DESCRIPTION OF THE TASK:
Both the line below containing "bouquet, bare_shoulders, holding_bouquet" and the line containing "RARZOE 64'' Oversized", along with every line between them, should be repeated exactly; no other line belongs in the answer.

DATASET ENTRIES:
----
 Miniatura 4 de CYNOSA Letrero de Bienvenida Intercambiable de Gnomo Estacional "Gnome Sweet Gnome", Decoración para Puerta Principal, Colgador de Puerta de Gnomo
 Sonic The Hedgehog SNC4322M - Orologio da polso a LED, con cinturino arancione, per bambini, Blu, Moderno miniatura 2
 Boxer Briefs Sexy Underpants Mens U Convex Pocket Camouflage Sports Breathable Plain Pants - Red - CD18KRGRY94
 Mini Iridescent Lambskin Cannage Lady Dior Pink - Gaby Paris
----
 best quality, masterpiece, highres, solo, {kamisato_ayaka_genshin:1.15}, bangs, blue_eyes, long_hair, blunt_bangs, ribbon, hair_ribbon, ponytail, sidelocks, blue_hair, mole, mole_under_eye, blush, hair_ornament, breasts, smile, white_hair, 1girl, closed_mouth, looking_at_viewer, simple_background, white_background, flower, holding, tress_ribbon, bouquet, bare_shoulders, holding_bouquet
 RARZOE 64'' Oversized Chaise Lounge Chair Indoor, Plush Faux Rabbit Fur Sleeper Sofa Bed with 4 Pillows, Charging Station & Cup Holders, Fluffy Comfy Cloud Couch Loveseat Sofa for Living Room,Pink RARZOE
----
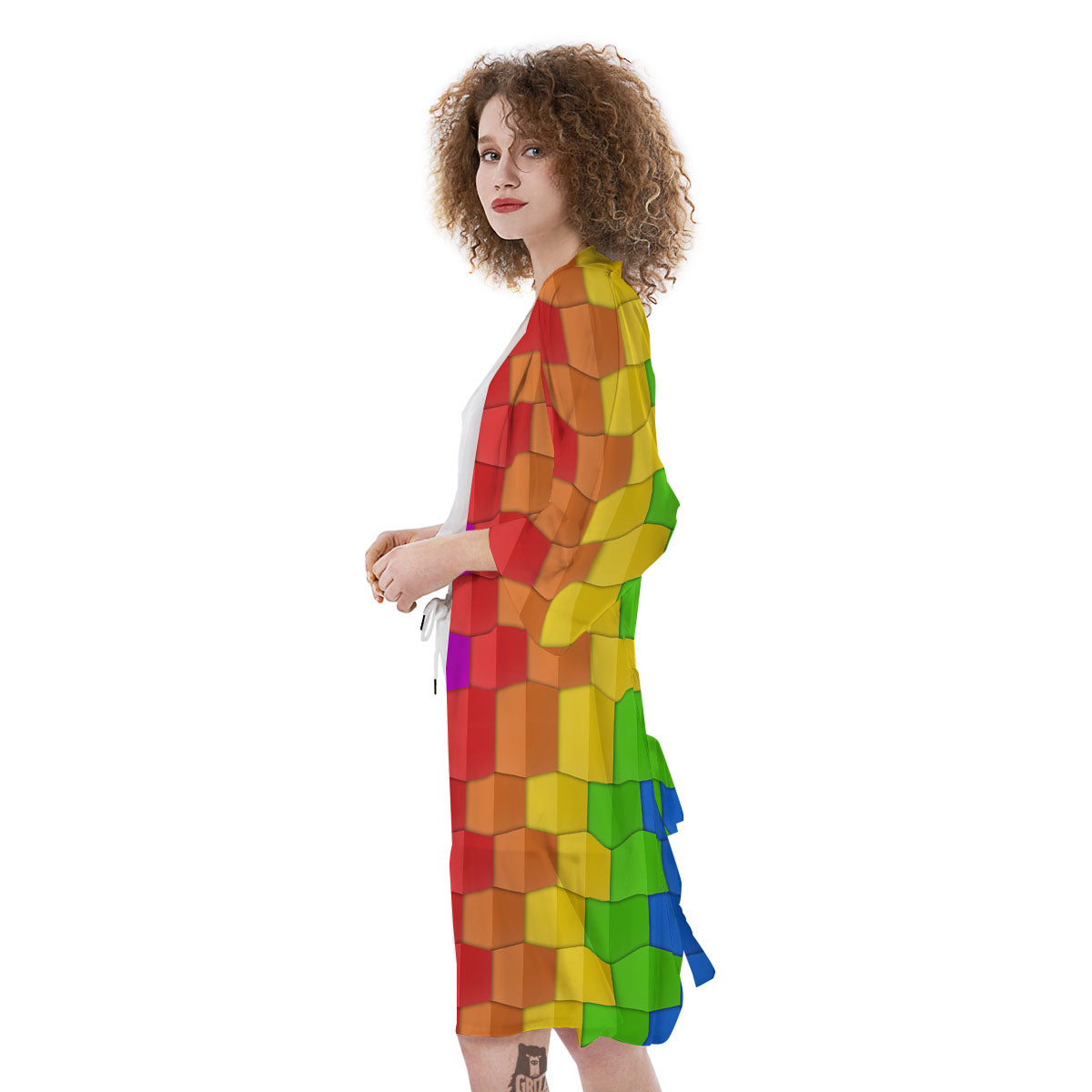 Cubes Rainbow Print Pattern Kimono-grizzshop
----
ANSWER BELOW:
 best quality, masterpiece, highres, solo, {kamisato_ayaka_genshin:1.15}, bangs, blue_eyes, long_hair, blunt_bangs, ribbon, hair_ribbon, ponytail, sidelocks, blue_hair, mole, mole_under_eye, blush, hair_ornament, breasts, smile, white_hair, 1girl, closed_mouth, looking_at_viewer, simple_background, white_background, flower, holding, tress_ribbon, bouquet, bare_shoulders, holding_bouquet
 RARZOE 64'' Oversized Chaise Lounge Chair Indoor, Plush Faux Rabbit Fur Sleeper Sofa Bed with 4 Pillows, Charging Station & Cup Holders, Fluffy Comfy Cloud Couch Loveseat Sofa for Living Room,Pink RARZOE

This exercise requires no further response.